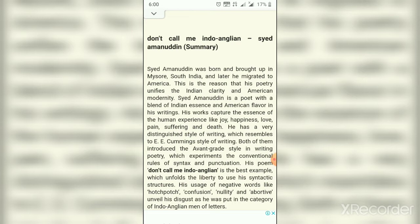Dear students, on your screen you can see the summary of this poem, 'Don't Call Me Indo-Anglian' by Syed Amanuddin. Syed Amanuddin was born and brought up in Mysore, South India, and later he migrated to America. This is the reason that his poetry unifies the Indian clarity and American modernity. Syed Amanuddin is a poet with a blend of Indian essence and American flavor in his writing.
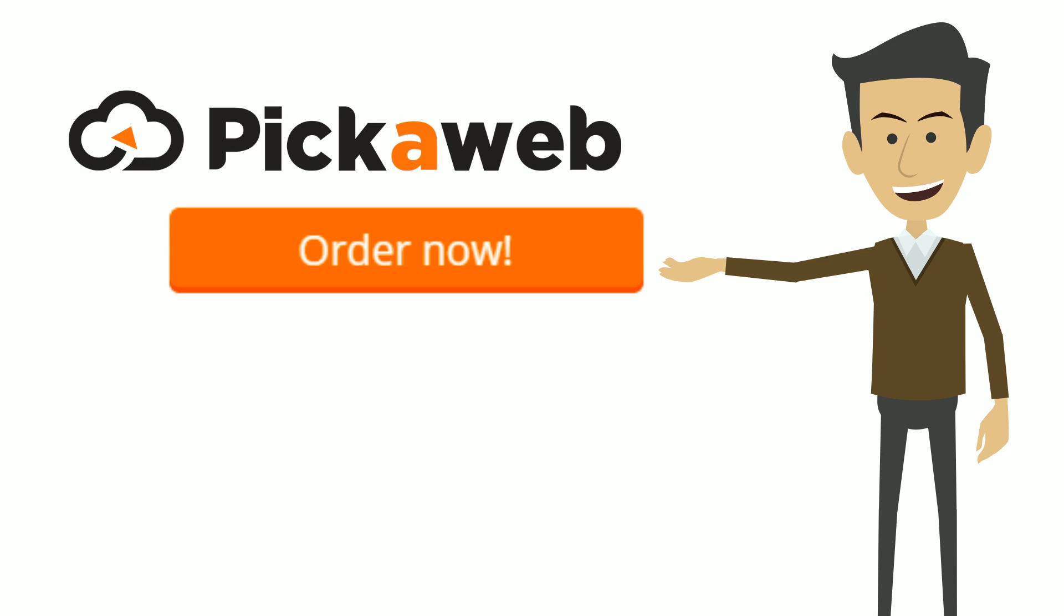So why not get started today and you'll discover that building a hosting business has never been easier.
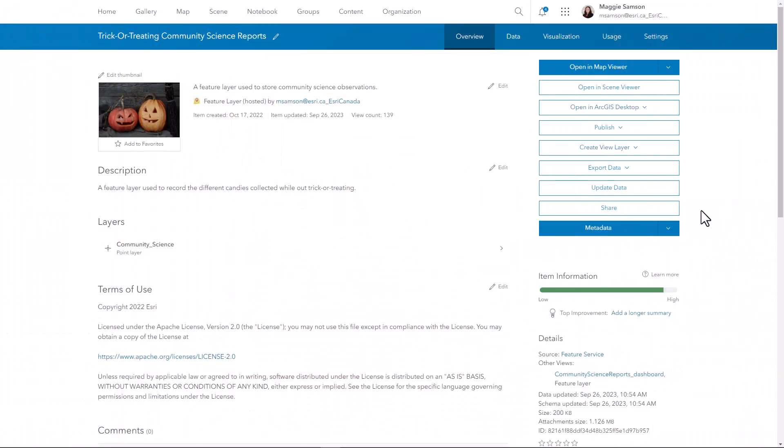I have my layer here in ArcGIS Online that I'm using in a Survey123 application to collect candy information on Halloween, showing where you can get all the best candy in the neighborhood. I want to share this with the public, but I don't want all the information to be visible with everyone, so I'm going to create a view.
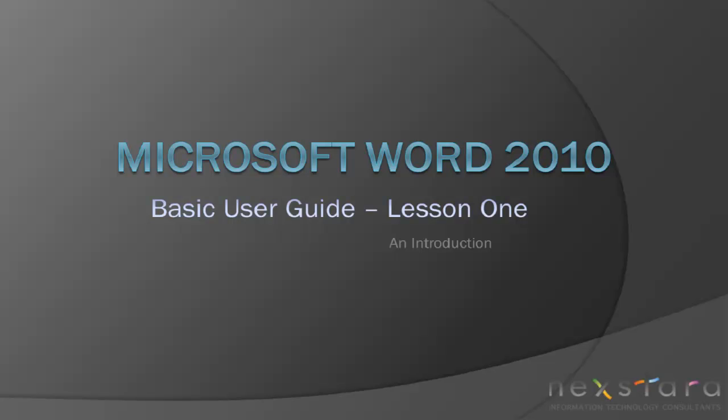Okay, well that wraps up our Word 2010 introductory tutorial. Hopefully you found it helpful, and please check back soon for other Word 2010 topics. Thank you so much for listening.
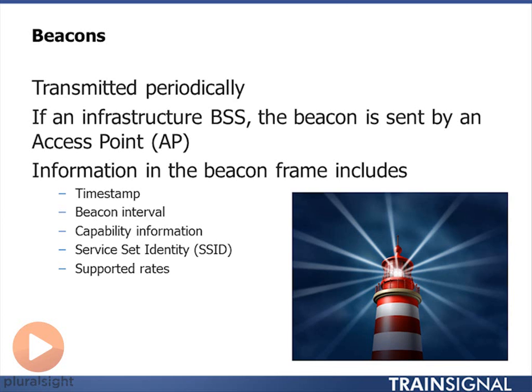The beacon interval is normally about every hundred milliseconds. If I can't hear the beacon after a hundred milliseconds — say I've been waiting and it's now been two hundred milliseconds and I still haven't heard a beacon — that would indicate that I'm out of coverage and I should look for another access point.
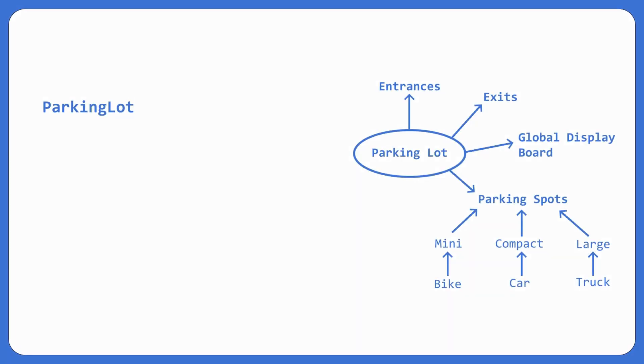Hey everyone, in this lesson, we'll now build the class diagram for the parking lot based on the use case diagram discussed before.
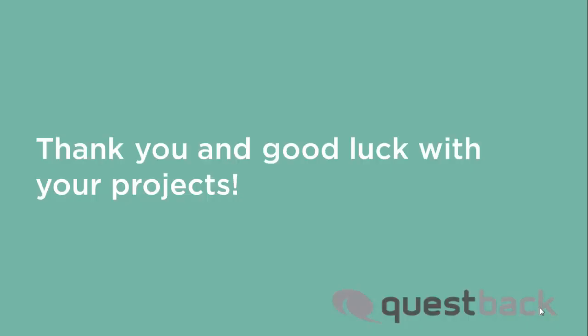This was a short introduction on how to create a mail trigger. For a deeper insight please reach out to your Questback contact or take a look at the manual. Thank you for your attention and bye for now.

+ + +

=== Assignment ===
An exact, picture-free copy of the entries is required.

=== Problem solution ===
Dear students, on your screen you can see the summary of this poem, 'Don't Call Me Indo-Anglian' by Syed Amanuddin. Syed Amanuddin was born and brought up in Mysore, South India, and later he migrated to America. This is the reason that his poetry unifies the Indian clarity and American modernity. Syed Amanuddin is a poet with a blend of Indian essence and American flavor in his writing.
So why not get started today and you'll discover that building a hosting business has never been easier.
I have my layer here in ArcGIS Online that I'm using in a Survey123 application to collect candy information on Halloween, showing where you can get all the best candy in the neighborhood. I want to share this with the public, but I don't want all the information to be visible with everyone, so I'm going to create a view.
Okay, well that wraps up our Word 2010 introductory tutorial. Hopefully you found it helpful, and please check back soon for other Word 2010 topics. Thank you so much for listening.
The beacon interval is normally about every hundred milliseconds. If I can't hear the beacon after a hundred milliseconds — say I've been waiting and it's now been two hundred milliseconds and I still haven't heard a beacon — that would indicate that I'm out of coverage and I should look for another access point.
Hey everyone, in this lesson, we'll now build the class diagram for the parking lot based on the use case diagram discussed before.
This was a short introduction on how to create a mail trigger. For a deeper insight please reach out to your Questback contact or take a look at the manual. Thank you for your attention and bye for now.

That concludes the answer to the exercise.